Augusta Lundin


Augusta Lundin was a Swedish fashion designer. She is considered to be the first international Swedish fashion designer as well as the first well known fashion designer in Sweden.

Early years and education

Born to tailor Anders Lundin and Christina Andersdotter in Kristianstad, she learned the profession as a child, along with her sister, Hulda Lundin.

Career

She later moved to Stockholm, where she was employed at the Emma Hellgren hatshop in 1863–65 and the fashion studio of C L Flory & co in 1865–67. In 1867, she started her own fashion studio, and in 1874, she made her first study trip to Paris, and started her own fashion paper.
Lundin made study trips to Paris once a year. She introduced the French method of making every part of a dress separately to Sweden.

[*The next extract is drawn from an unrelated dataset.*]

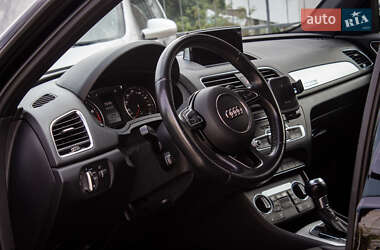 Внедорожник / Кроссовер Audi Q3 2016 в 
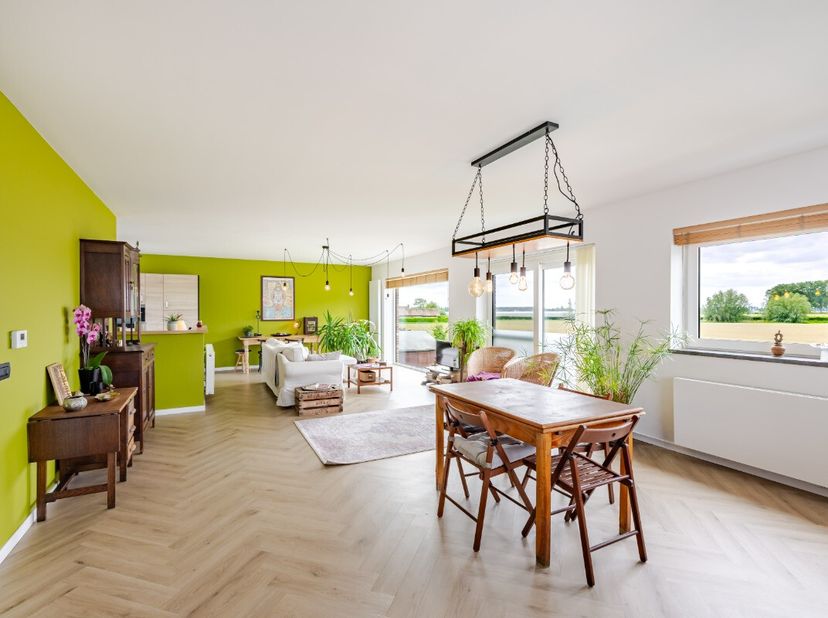 Ligging &amp; indelingIn Boekhoute bevindt zich deze recente en instapklare woning, gebouwd in 2023, waar hedendaags wooncomfort, ruimte en energiezuinigh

In 1886, she designed a "reformed costume", a loose dress without corset or bustle, on commission of the reform dress society, which desired a more healthy dress model for women.
Among her clientele were Selma Lagerlöf, Josephine of Leuchtenberg and Sophie of Nassau, as well as international clients, especially in Denmark, Norway, Finland and the Russian Empire. King Oscar II of Sweden gave away her dresses as Christmas gifts every year to the lady-in-waitings at the royal court. On 31 October 1892, she was made official dressmaker of the queen, Sophia of Nassau; at assignments for the court, she brought models to the royal palace to display the clothes.
Lundin was known as a good employer: she was an honorary member of the dressmaker's society and aware that seamstresses often damaged their backs and eyes at work, she instigated a 12-hour work shift and a two-week summer vacation, something quite unique for an employer in Sweden at a time when few employers allowed for vacations at all. She employed only women until 1910.
At her death in 1919, she left the company to her siblings' children. In the 1920s, the company experienced difficulties because of the simplified fashion and the confection industry; it was closed in 1939.